In 2007, consolidated revenues  from operations reached $7.5 billion and consolidated net income totaled $54 million, a far cry from the 1970s where major strikes combined with annual deficits that peaked at $600 million in 1981, forcing  two years of public debate and input into the future of mail delivery in Canada.

The government agreed to give  the post office more autonomy, to make it more commercially viable and to compete against and influx of courier services and in 1981 passed the “Canada Post Corporation Act”

So why the long-winded preamble?

A month ago, I visited one of their franchise locations to stop my mail for a week while I was on vacation. The cost was  $20.  I thought to myself, as I handed over the money, they are charging me  to not deliver my mail. They are charging me to provide no service to my house. They will hold onto my mail for a week and then deliver it all on one day, instead of five. Wow. And that costs $20. Chutzpah.
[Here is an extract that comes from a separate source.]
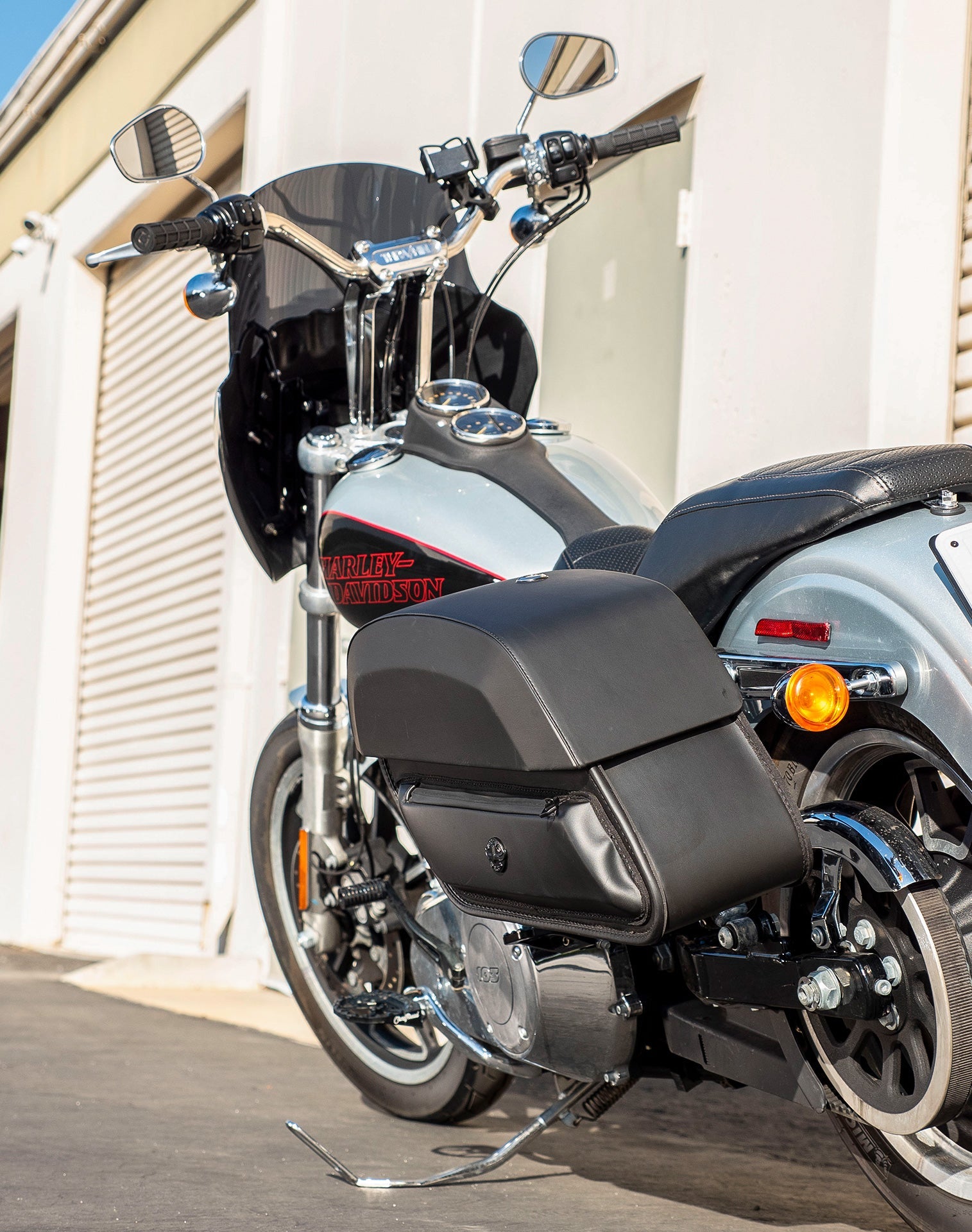 28L - Pantheon Medium Quick Mount Motocicleta Alforjas para Harley Davidson Dyna Low Rider FXDL/I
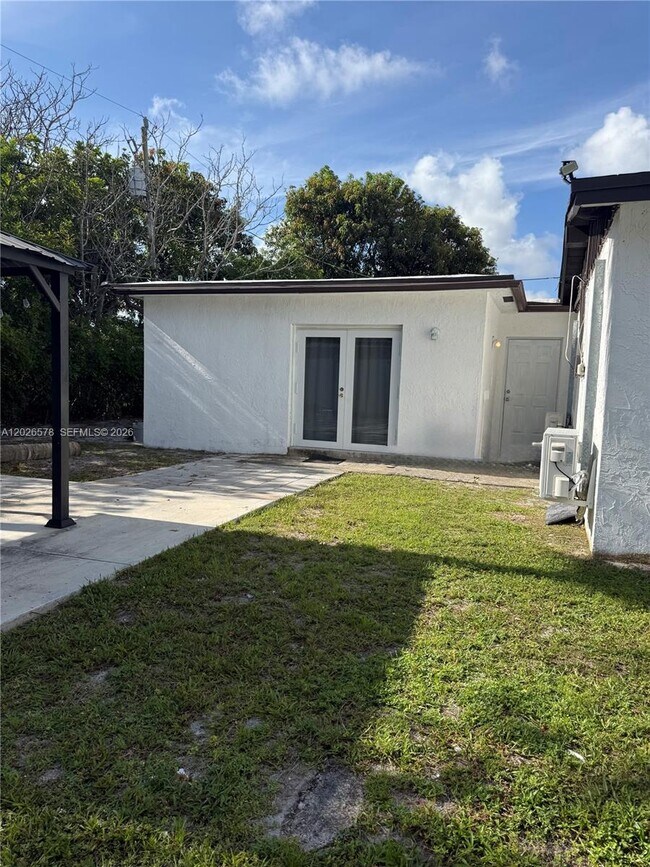 Building Photo - 1816 NW 25th Ter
I have longed believed that door-to-door deliver of mail and  newspapers was a service that could not survive. In fact the bread and milk industry figured this out ages ago. So, how is it Canada Post can still deliver mail, door-to-door, for 57 cents apiece?

To its credit, Canada Post reinvented itself, became savvy business managers and turned a profit, which in essence means, as taxpayers, we are not carrying the freight of inefficiency.

However, you have to wonder how long door-to-door delivery can survive when email, Twitter, Facebook, online billing and a host of other communication tools are  available.

When was the last time (sigh) you received a letter? Text messaging, tweets at 140 characters and email will never replace this long-lost art form, but undoubtedly they will lead to its demise.

I admire Canada Post for rebuilding the brand, and creating a positive out of a negative. But charging me $20 to hold my mail for a week amounts to highway robbery.